24 giugno 2012

La nuova scelta dei Cult

Non sono mai stato un grandissimo fan della band di Ian Astbury e Billy Duffy. L'immagine, un po' sopra le righe, da rockettari ubriaconi e sfascia-hotel, e la svolta hard rock di metà anni '80, me ne avevano alienato le simpatie già all'epoca, preso da band dallo stile più duro e puro, e ne avevo pertanto perso le tracce rapidamente.

Ne ho soltanto dopo riscoperto gli inizi come Southern Death Cult prima, Death Cult poi, e i primissimi album a nome Cult (Dreamtime e Love), dei quali ho apprezzato in retrospettiva non solo le radici goth ma anche una certa freschezza compositiva, nonostante le evidenti radici nel rock-blues e qualche eccesso lirico da Doors "de' noantri".

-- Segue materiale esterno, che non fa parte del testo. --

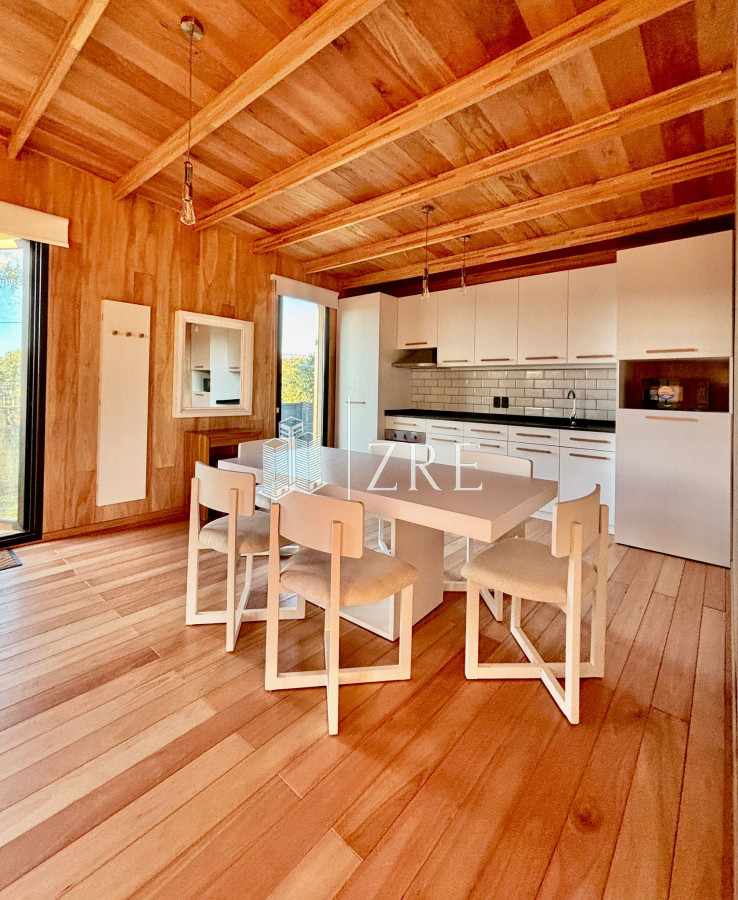 Casa ID.688 - Venta casa 3 dormitorios. La Juanita, José Ignacio. 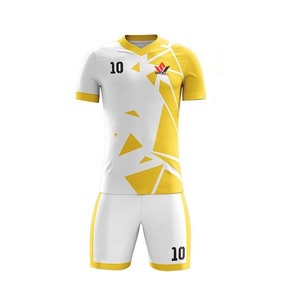 Maillot de football personnalisé pour homme, gris marine uni, col en V, manches courtes, respirant, 100% polyester, coupe athlétique, toutes saisons - Product Image 3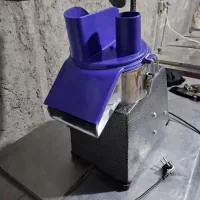 خلال کن نیم صنعتی|کافی‌شاپ و رستوران|کرمان, |دیوار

A quel punto mi sono messo a scavare nella loro discografia e, come spesso mi capita, mi sono affezionato anche ai dischi peggiori. Che poi a mio modo di vedere, nel caso dei Cult, sono anche quelli più noti e che hanno venduto maggiormente: Electric e Sonic Temple, due monoliti prodotti (benissimo) da due nomi "sicuri" come Rick Rubin e Bob Rock, perfetti in ogni dettaglio, privi di sbavature, radiofonici e da stadio quel tanto che bastava insomma a rendermili poco digeribili.

Meglio la discografia successiva, che con tutti i suoi difetti gode se non altro del fascino maledetto del mancato successo: una serie di passi falsi da Ceremony (un album ispirato dai nativi americani e sommerso dall'ondata grunge che lo rese obsoleto già all'uscita), a The Cult (che come spesso capita agli album omonimi non era rappresentativo di alcuna delle anime del gruppo, e non convinse ne' i fan della prima ora ne' quelli della seconda), a - dopo 7 anni di stasi - Beyond Good And Evil, un disco iper-prodotto dal  ritrovato Bob Rock, impegnato a comprimere ogni singola nota delle tracce fino a farle praticamente esplodere dai diffusori.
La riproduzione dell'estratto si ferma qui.